Etchant-Free Dry-Developable Extreme Ultraviolet Photoresist Materials Utilizing N-Heterocyclic Carbene–Metal Complexes

Extreme ultraviolet (EUV) lithography has enabled significant reductions in device dimensions but is often limited by capillary force-driven pattern collapse in conventional wet processes. Recent dry-development approaches, while promising, frequently require toxic etchants or specialized equipment, limiting their broader applicability and highlighting the need for more sustainable, cost-effective alternatives. In this study, highly reactive, etchant-free dry-developable EUV photoresists using N-heterocyclic carbene (NHC)-based metal-ligand complexes, achieving half-saturation at EUV doses of 8.5 or 27 mJ cm⁻², are synthesized.
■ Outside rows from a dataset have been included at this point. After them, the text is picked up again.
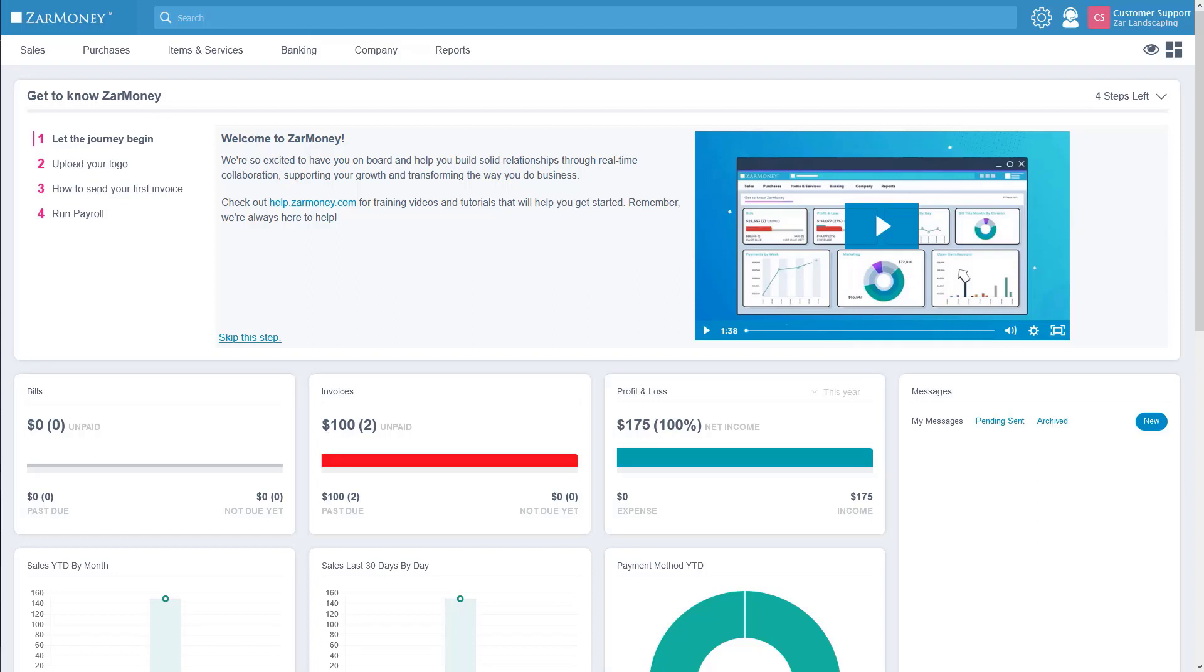Hello and welcome to ZarMoney. Thank you for signing up for the free trial of our accounting software. We wanted to take a moment and give you a quick overview so you have a better understanding of how to move about the software.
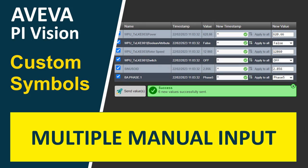Hi everybody, welcome to the demo of my new PiVision custom symbol named the Multiple Manual Input. This custom symbol allows you to input new values to several data sources at a time. The data sources can be Pi AF attributes and Pi tags as well.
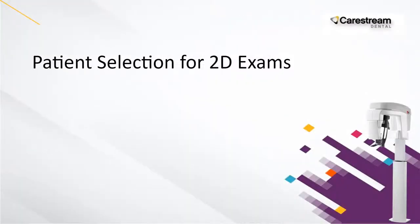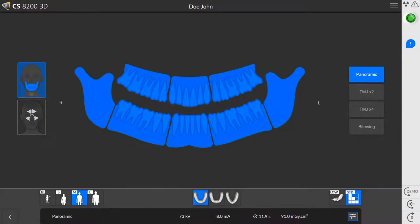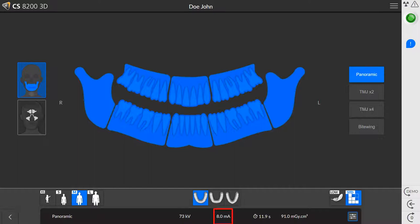For patient selection in all 2D exam types, you have two settings that can be adjusted. On the main interface, select the patient's head size: child, adult small, medium, or large. When you select the appropriate head size, the KV and MA are adjusted automatically.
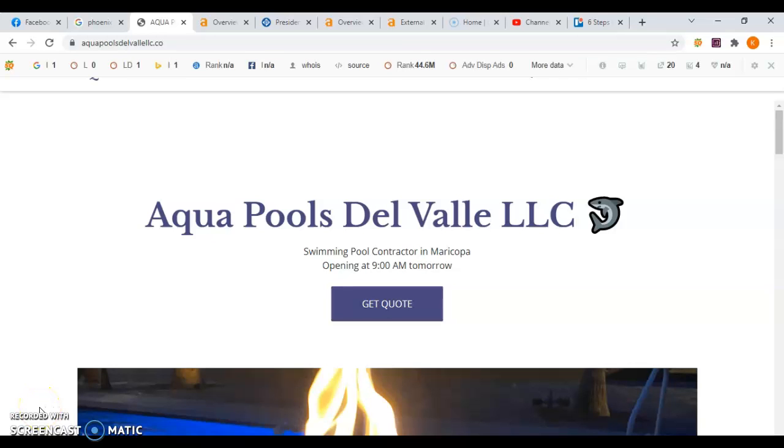Hey Iran, this is Jessica from Peterson SEO and I really appreciate you speaking with me today. I'm just making this quick video to show you how you can improve your website so you can bring in more customers for free.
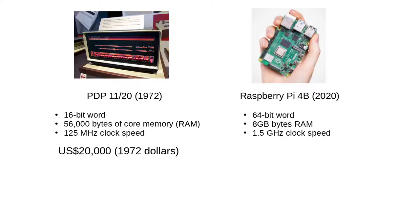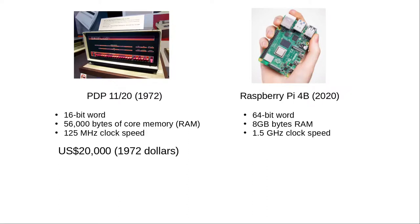Fast forward to today, where you can get a Raspberry Pi 4B computer that has a 64-bit word, 8 gigabytes of RAM, 1.5 gigahertz clock speed, and uses chips that can store 32 gigabytes, and that costs you $120.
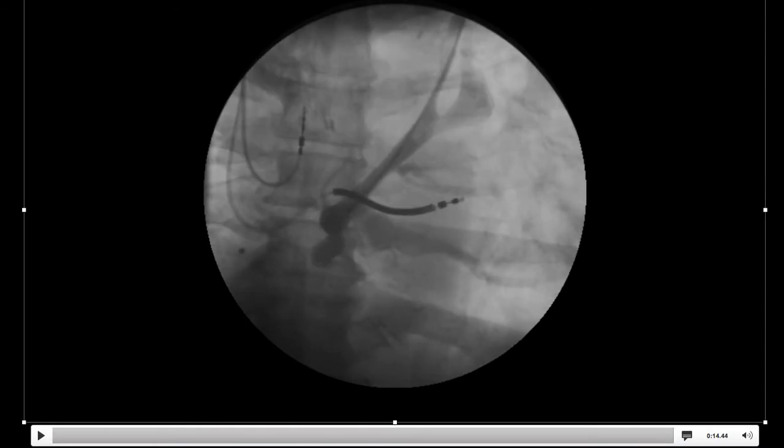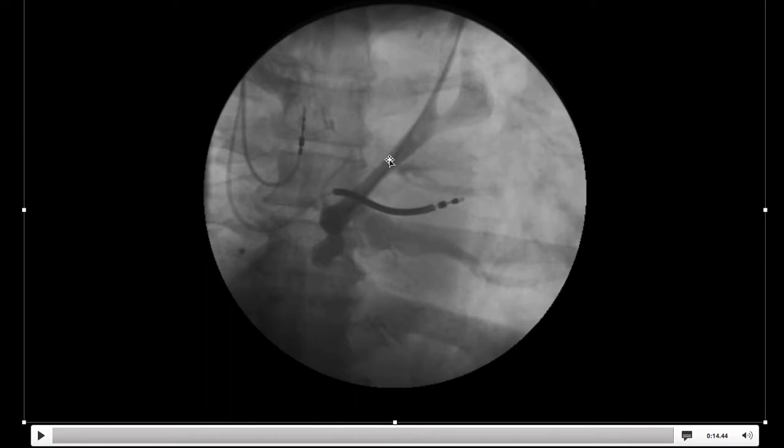You'll note that there's complete CS atresia and no blood return into the right atrium, and importantly, also not into the left atrium. We'll talk a little bit more about that later.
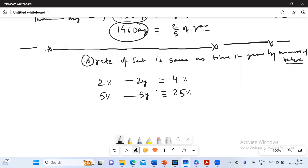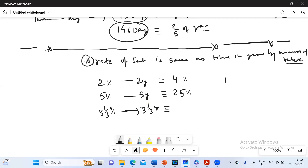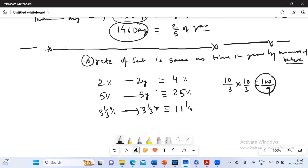For a mixed fraction case, if the rate is 3⅓% for 3⅓ years, the total interest percent is (10/3) × (10/3) = 100/9 = 11⅑ percent. They will never ask this in a direct way — they will ask in an indirect way.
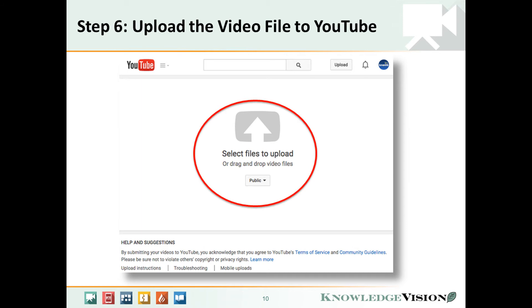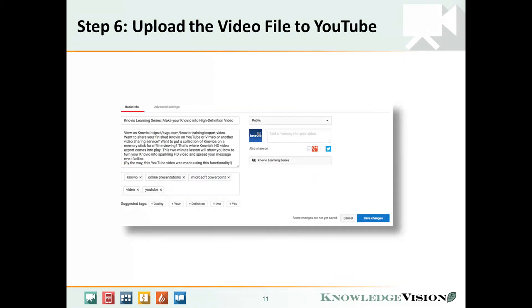Now go to YouTube and upload that video file to your YouTube channel. Write a nice friendly title and description for your video, give it some tags, and choose whether you want it to be public or private. I also like to put a link to the original Novio in the description, and you can get that link from KV Central.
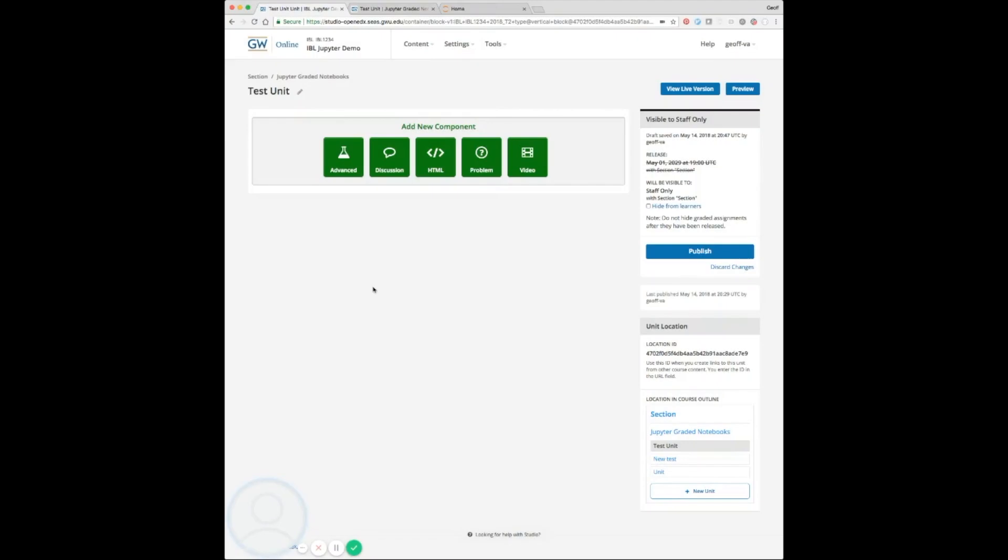Today we're going to do a demo of the graded Jupyter Notebook X block. This is an X block that uses the nbgrader system as a backend to grade and sync the student results into the edX grading system.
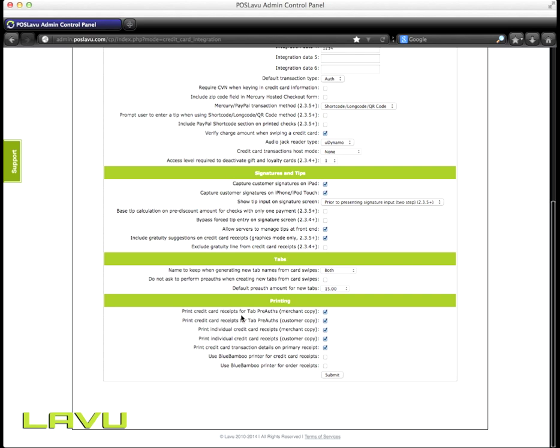On the printing side of things, if you want to print the credit card receipts for tab pre-auths for the merchant and the customer copy, make sure that those two boxes are selected. And then print the individual credit card receipts for your merchant and your customer copy, ensure that those are selected.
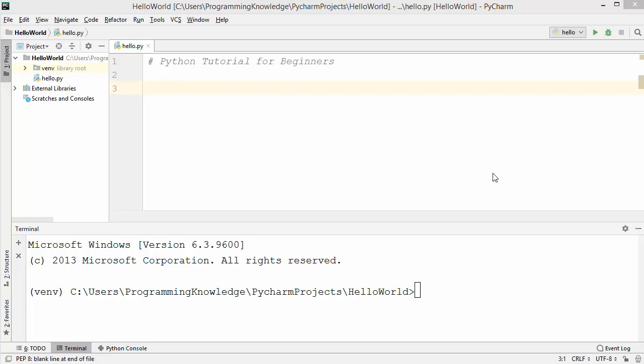Hey guys, welcome to the next video on Python tutorial for beginners. In this video we will talk about boolean values, comparison operators, and the logical operators in Python.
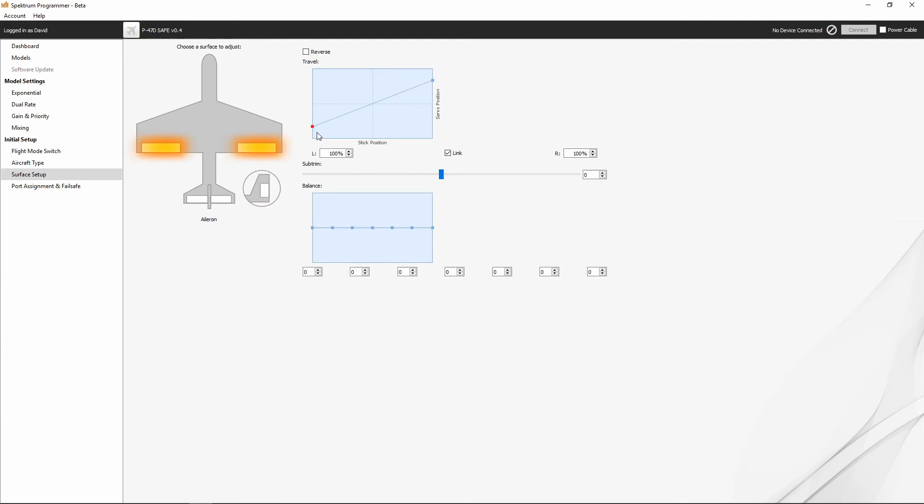We could set up our minimum and maximum throws based on what we expect out of the control surface.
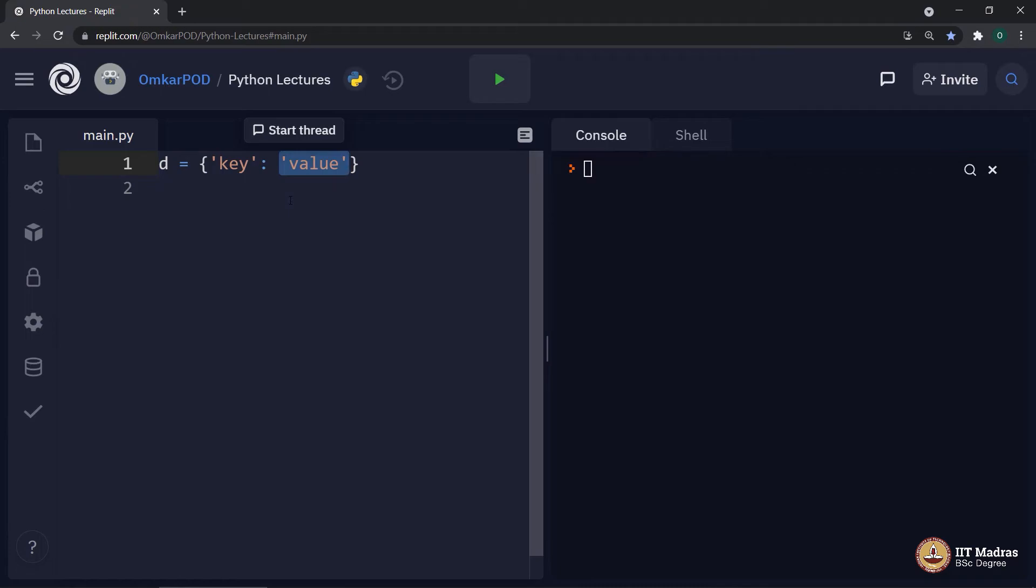And the answer is all of the above. Dictionary value can be anything. There is no restriction on it.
A simple thermal dry development process is employed, utilizing a standard furnace to remove unexposed areas of the photoresist, leading to 80 nm resolution with line-edge roughness (LER) comparable to wet-developed patterns. Moreover, EUV-induced chemical reactions of the NHC metal-ligand complexes are investigated via EUV-photoelectron spectroscopy, near-edge X-ray absorption fine structures, X-ray photoelectron spectroscopy, and density functional theory. It is suggested that the high EUV sensitivity of the NHC metal-ligand complexes is attributed to branching polymerization reactions initiated by secondary electron and photoelectron generation. These EUV-sensitive, dry-developable NHC metal–organic photoresists offer a sustainable and economical alternative to conventional techniques, eliminating the need for toxic and corrosive etchants while achieving high-resolution nanopatterns through simple thermal treatment, thus advancing future nanofabrication technologies.